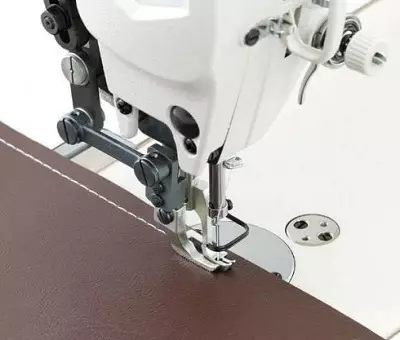 Швейні машинки (73 фото): як вибрати хорошу швейну машину? Як користуватися? Принцип роботи побутових машинок, відгуки власників 3941_42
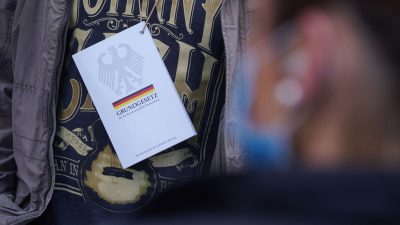 Thüringen und Sachsen erlauben Versammlungen ohne Teilnehmerbeschränkung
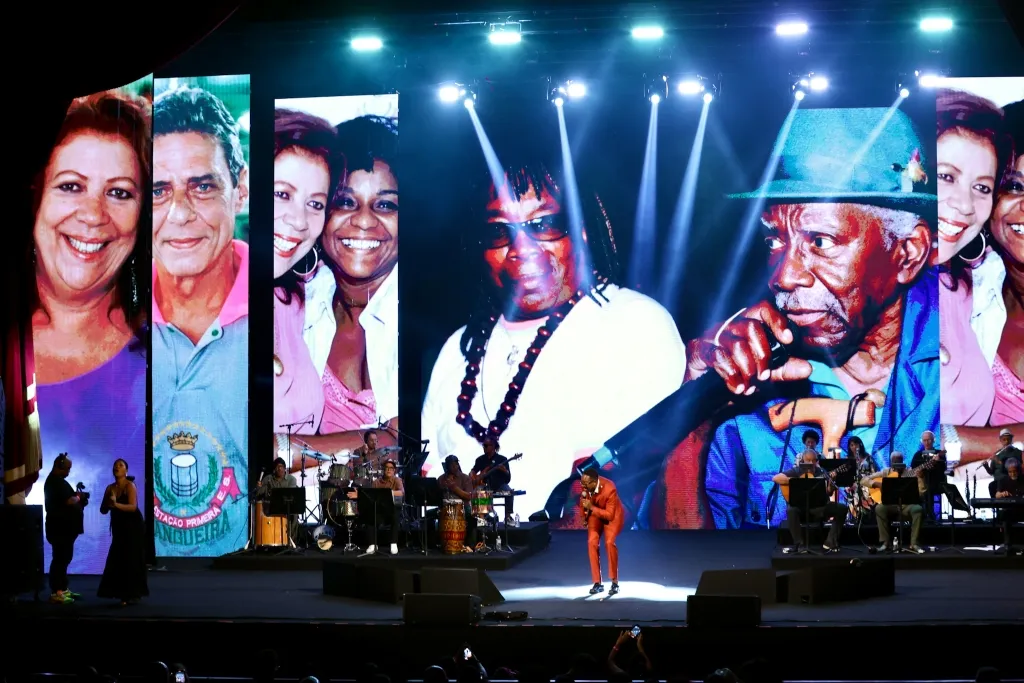 Mumuzinho Se Apresenta 10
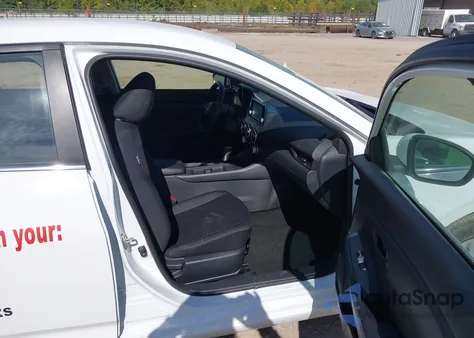 2025 Nissan Sentra S z USA, uszkodzony, nr VIN 3N1AB8BV8SY237031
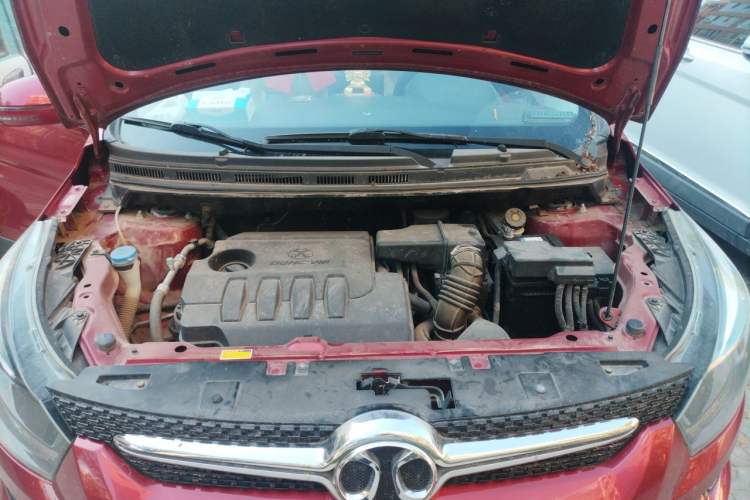 Used BAIC Senova X25 2015 1.5L Manual Elite Edition Engine Bay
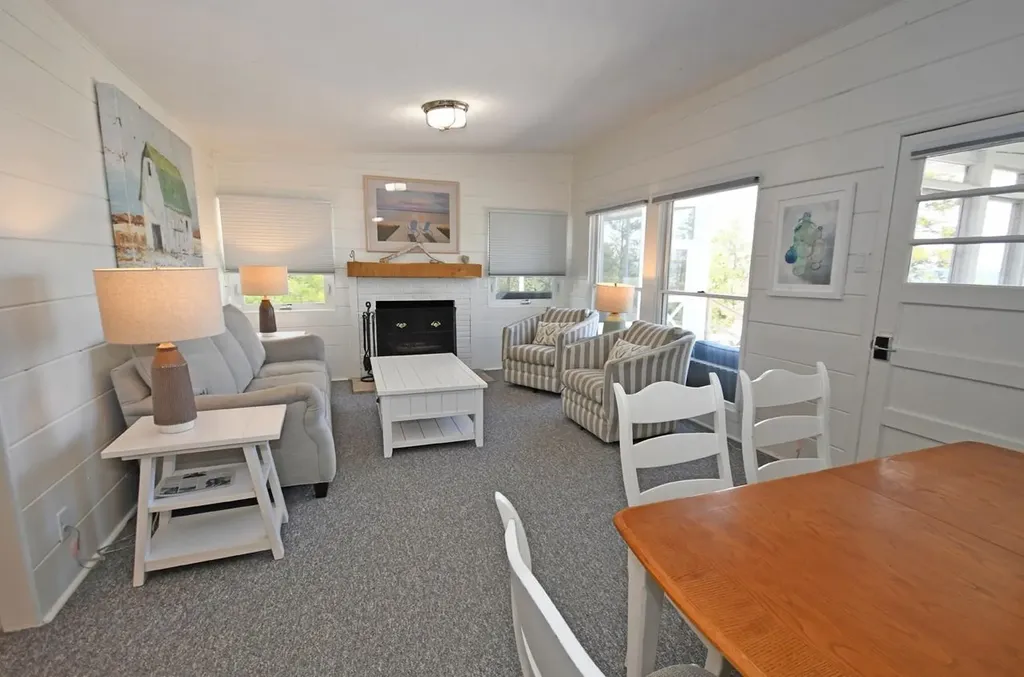 7566 W Harbor Highway Glen Arbor Township MI 49636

────────

From the first line to the last, set down the data exactly, without the pictures.

- _Result below_
 Швейні машинки (73 фото): як вибрати хорошу швейну машину? Як користуватися? Принцип роботи побутових машинок, відгуки власників 3941_42
 Thüringen und Sachsen erlauben Versammlungen ohne Teilnehmerbeschränkung
 Mumuzinho Se Apresenta 10
 2025 Nissan Sentra S z USA, uszkodzony, nr VIN 3N1AB8BV8SY237031
 Used BAIC Senova X25 2015 1.5L Manual Elite Edition Engine Bay
 7566 W Harbor Highway Glen Arbor Township MI 49636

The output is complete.